A reportagem enviou email com perguntas sobre as mudanças efetuadas no PPA e nos Orçamentos da União ao Ministério da Economia, à Casa Civil da Presidência, à Secretaria-Geral da Presidência e à Secretaria de Comunicação Social. Coube à Economia responder.
Segundo o ministério, o conteúdo dos dois programas extintos foi incorporado por outros sete programas. Isso se deveu a "alterações metodológicas" na elaboração do PPA, disse.
"O PPA 2016-2019 era composto por programas temáticos. Já o PPA 2020-2023 é composto por programas finalísticos.
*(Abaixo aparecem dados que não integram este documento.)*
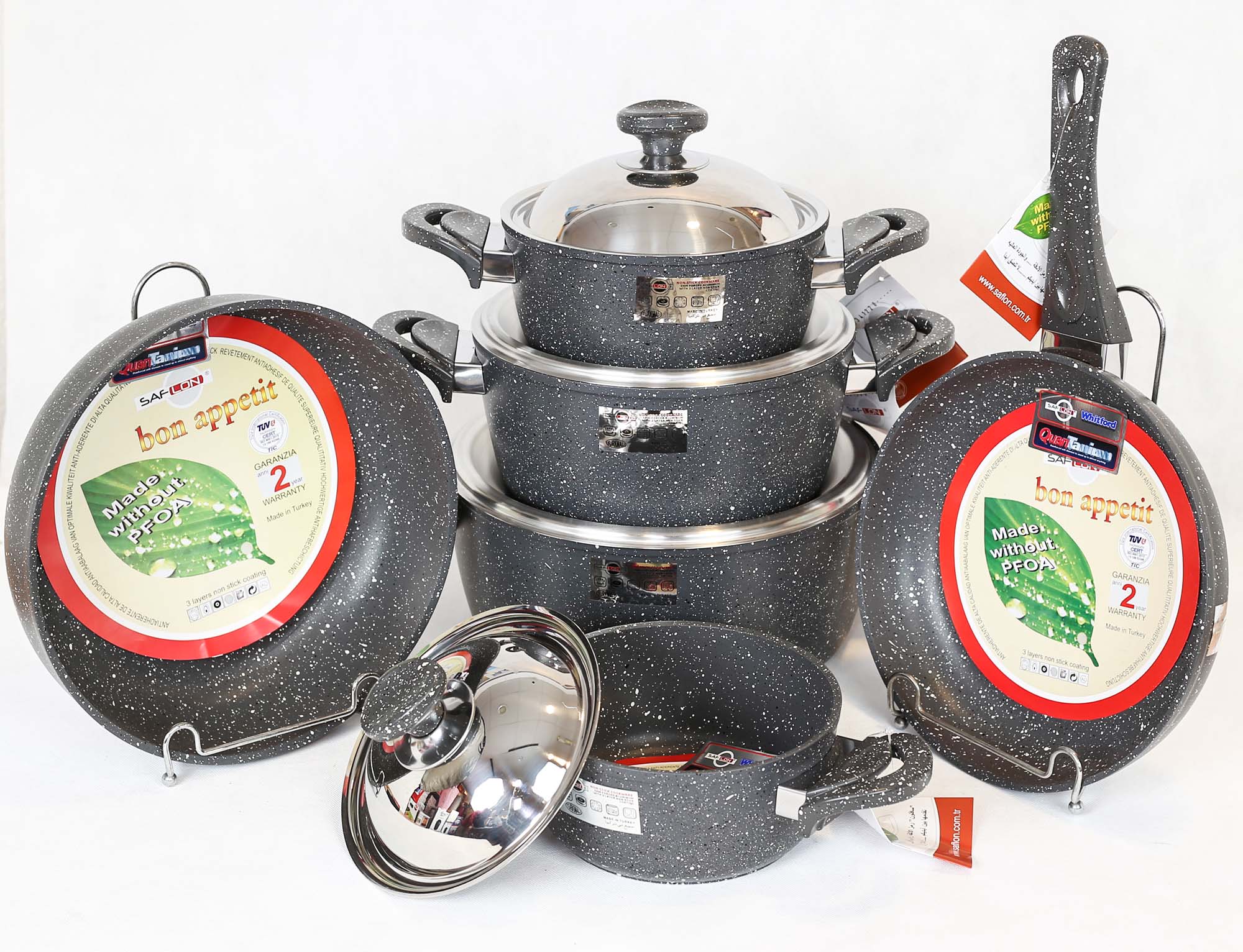 طقم حلل جرانيت مدور سافلون ، 10 قطع ،رصاصي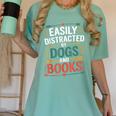 Pet Lover Joke Easily Distracted By Dogs And Books Men Women's Comfort Colors T-Shirt Violet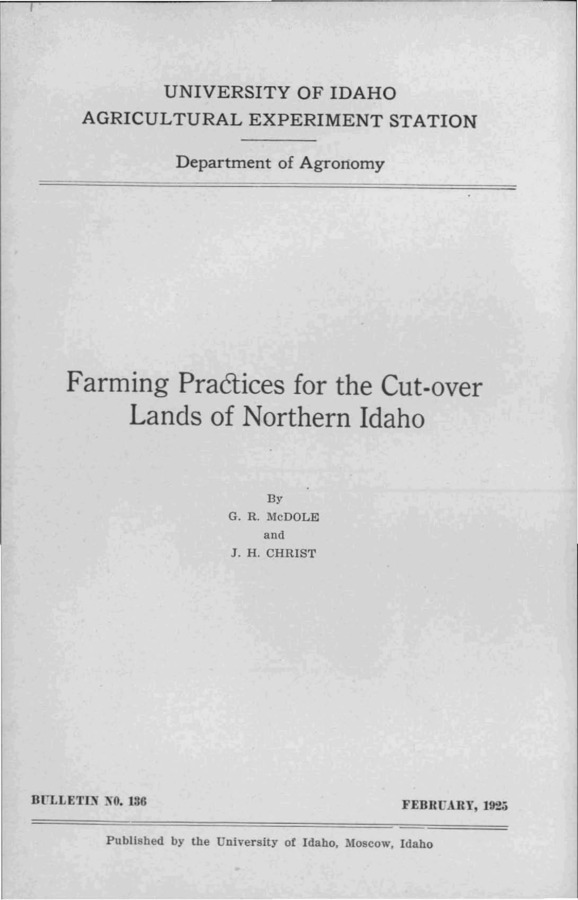 Idaho Agricultural Experiment Station,  Bulletin No. 136, 1925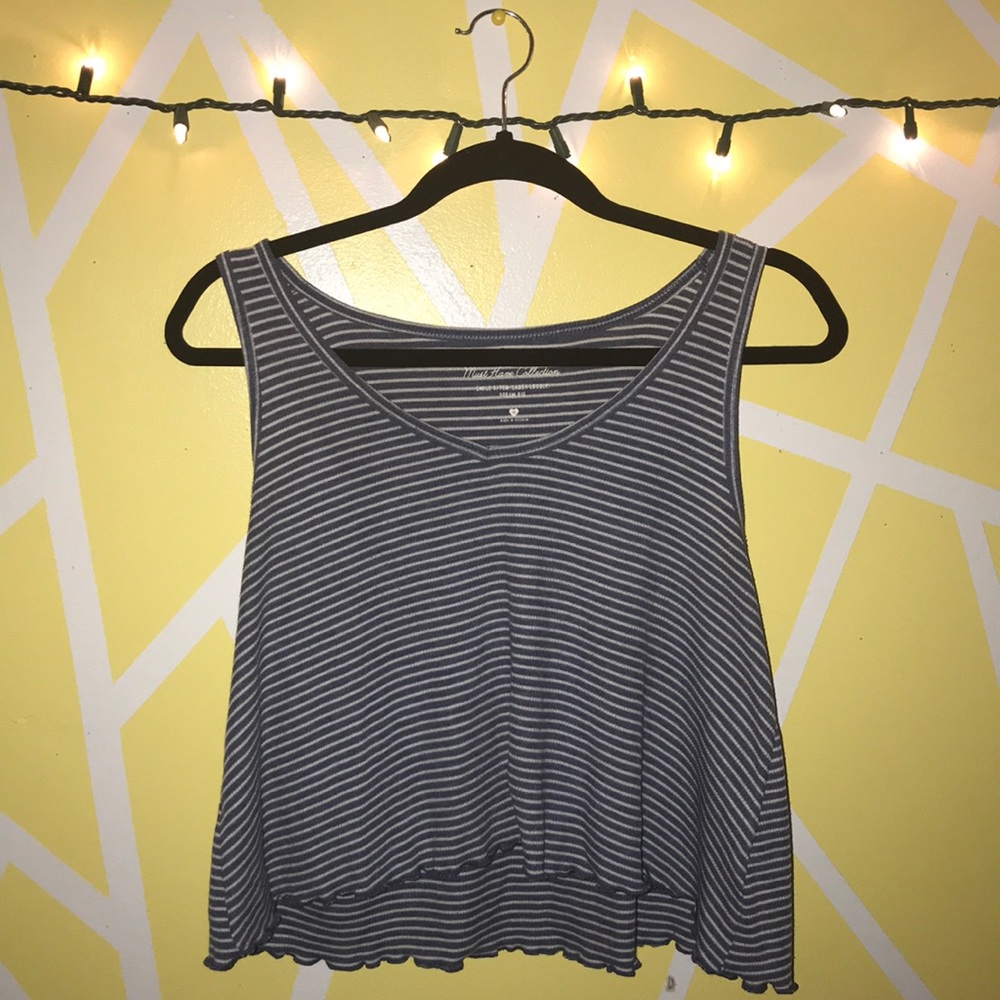 blue & white striped top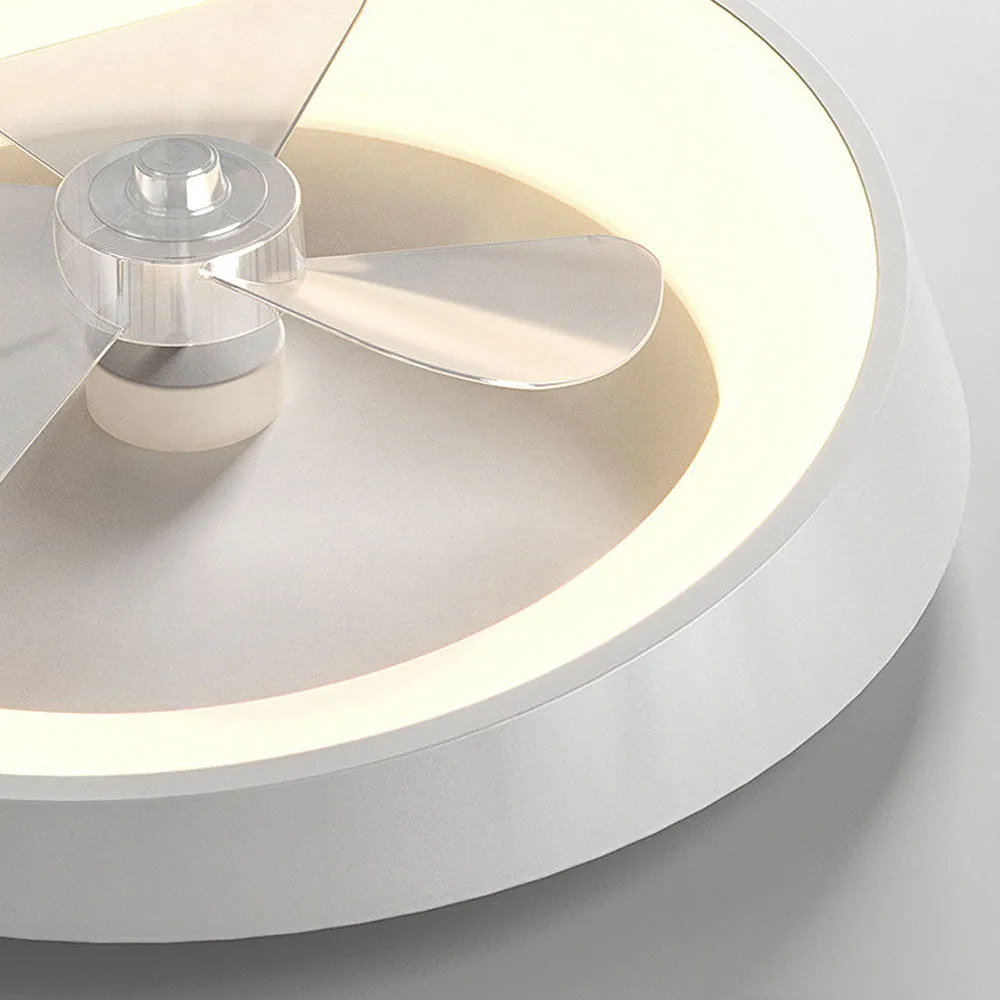 Ventilatore da soffitto bianco in minimalismo moderno con luce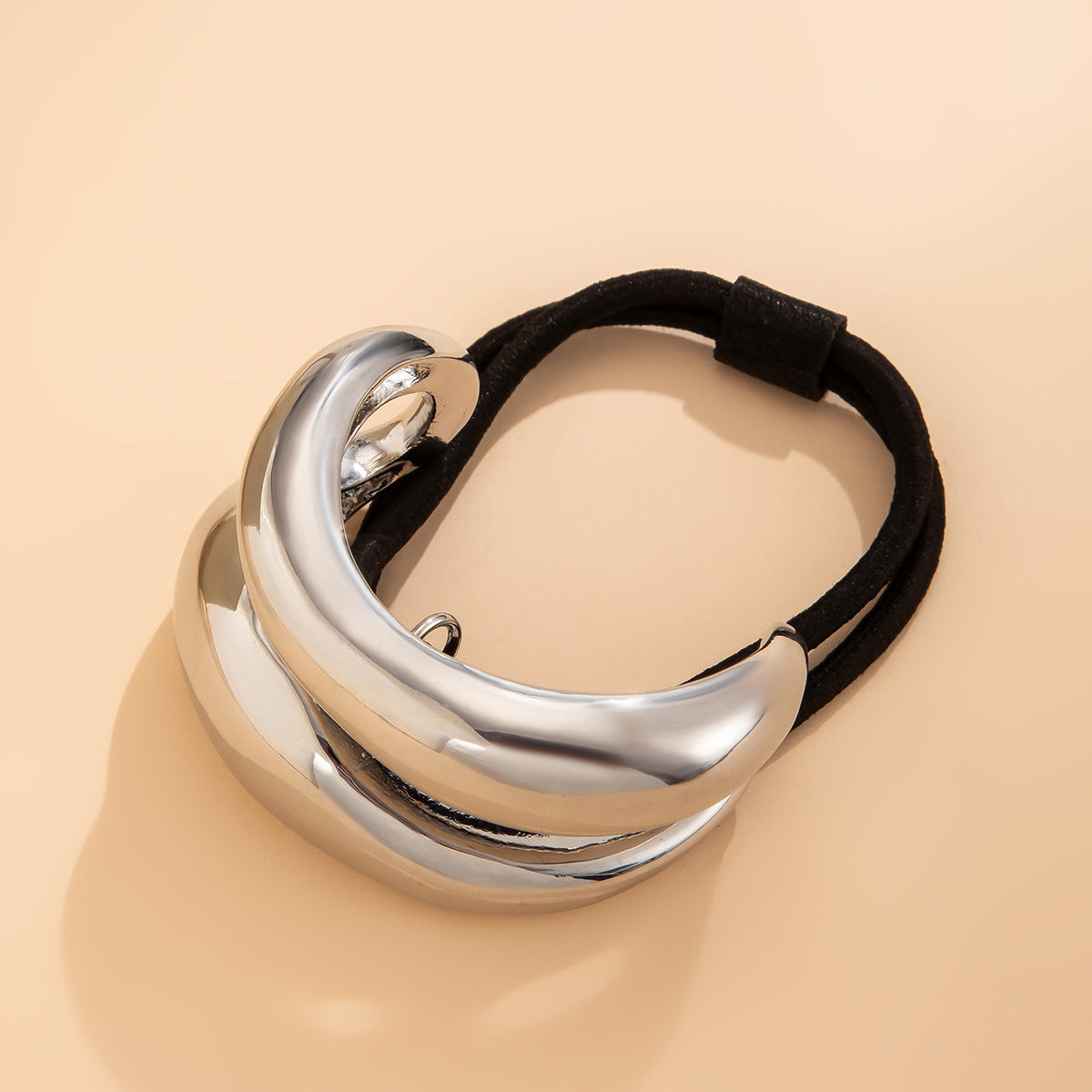 Personalized retro double-layer arc elastic hairpin irregular temperament hair ring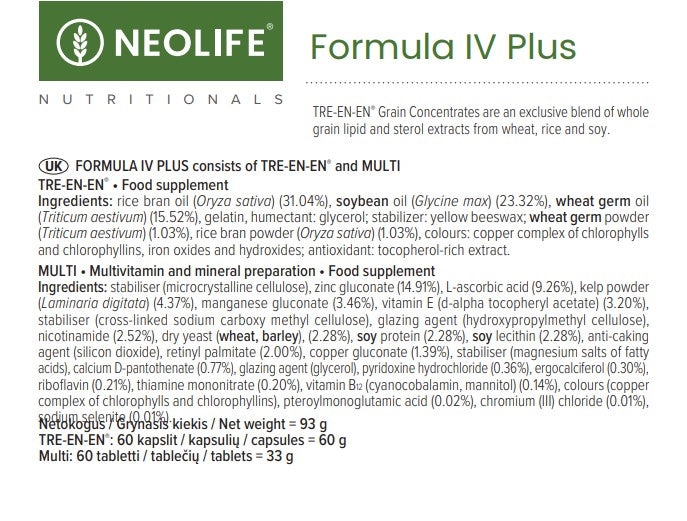 Formula IV Plus polivitaminų ir mineralų maisto papildas (60 kapsulių/tablečių)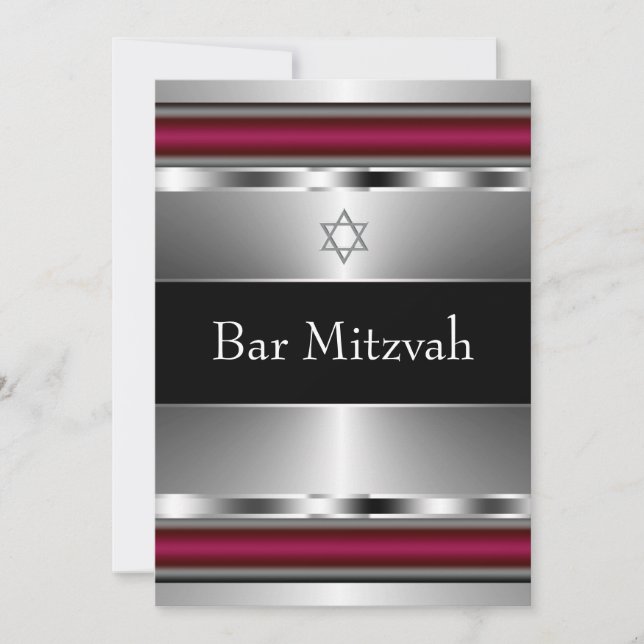 Invitation Black Red Star de David Bar Mitzvah Modèle (Devant)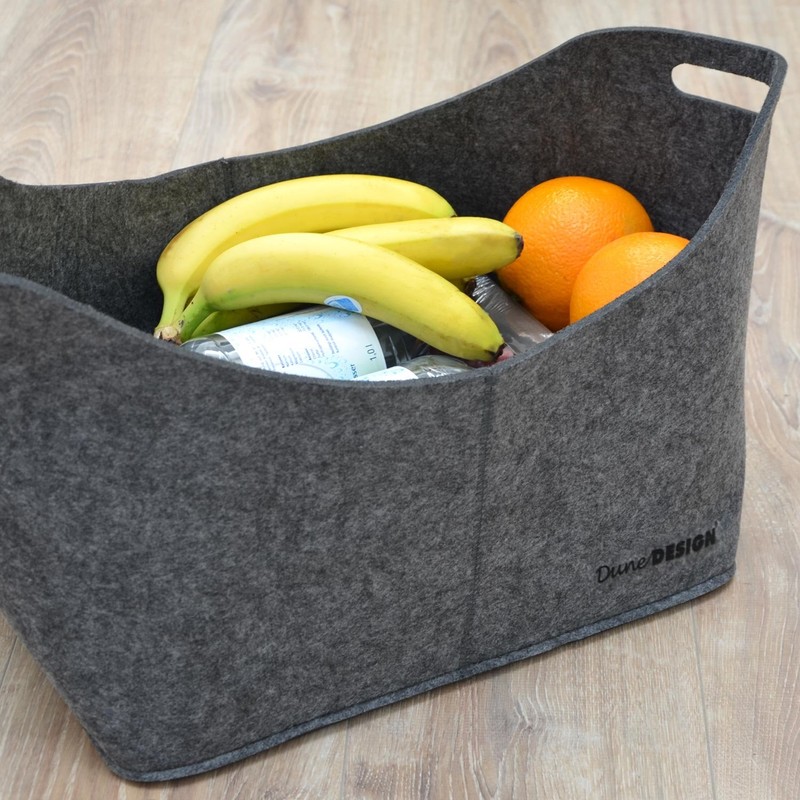 DuneDesign Artificial Felt Bag 40x25x30cm basket for firewood shopping 15KG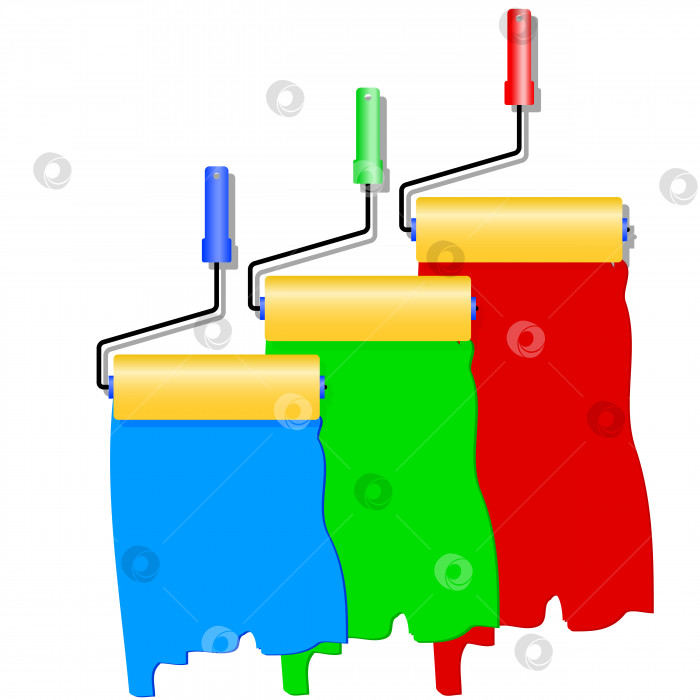 Скачать Три валика для покраски. фотосток Ozero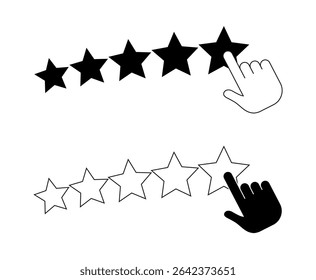 Customer satisfaction icons. Set of user feedback icons. Five stars. Rating icon. Customer response sign. The hand points to the stars. Vector illustrations EPS10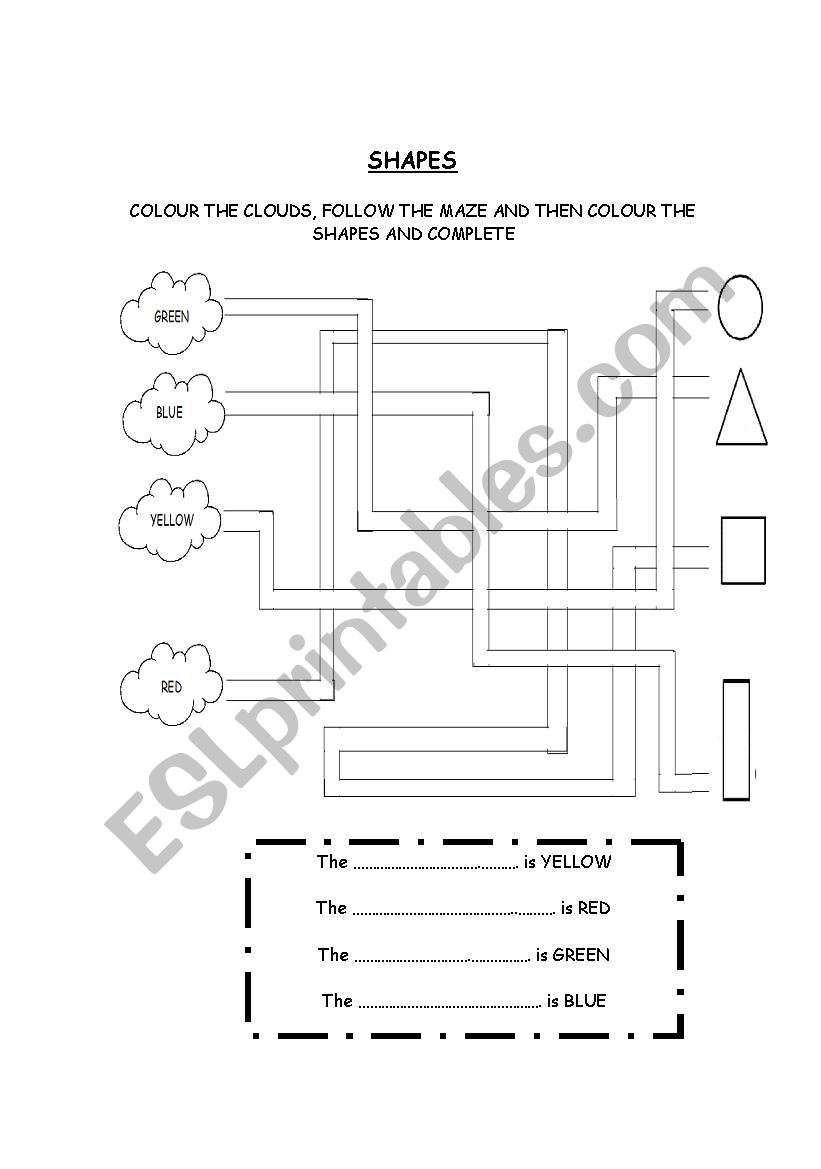 SHAPES: follow the maze, colour and complete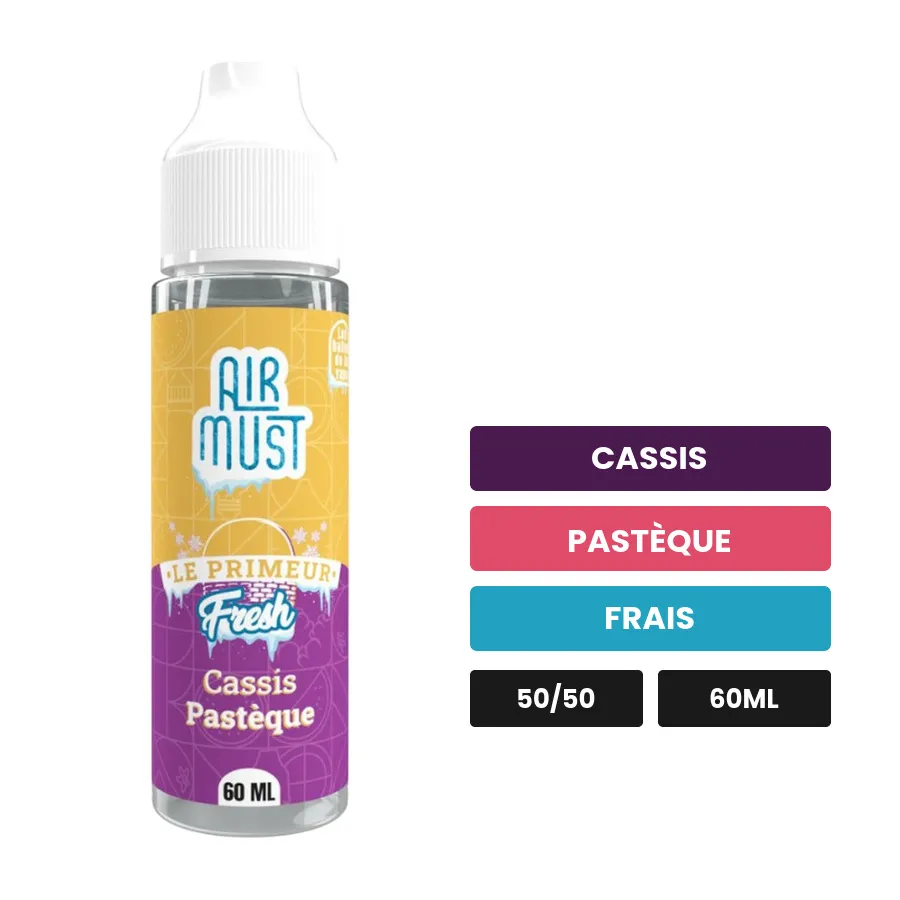 E-liquide Cassis Pastèque d'Airmust, 60 ml, saveurs cassis, pastèque et frais.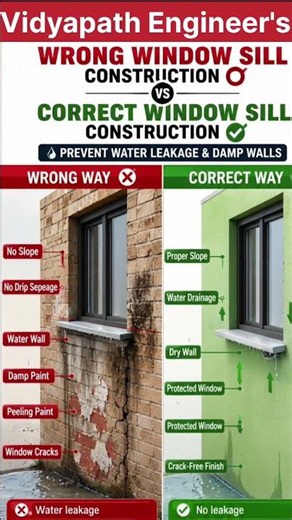 Window Sill Mistakes That Cause Wall Leakage ❌ #vidyapathengineers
Cada programa finalístico visa a enfrentar apenas um problema da sociedade ou aproveitar uma oportunidade para o país", afirma a nota. O atual PPA tem mais programas que o anterior, segundo o ministério.
A pasta cita quatro "aprimoramentos metodológicos" adotados pelo governo no PPA: simplificação; "realismo fiscal", diante do "cenário atual em que se observa o teto de gasto"; resgate de um "modelo lógico"; e maior integração entre planejamento e avaliação, de forma a aprimorar a qualidade do gasto público.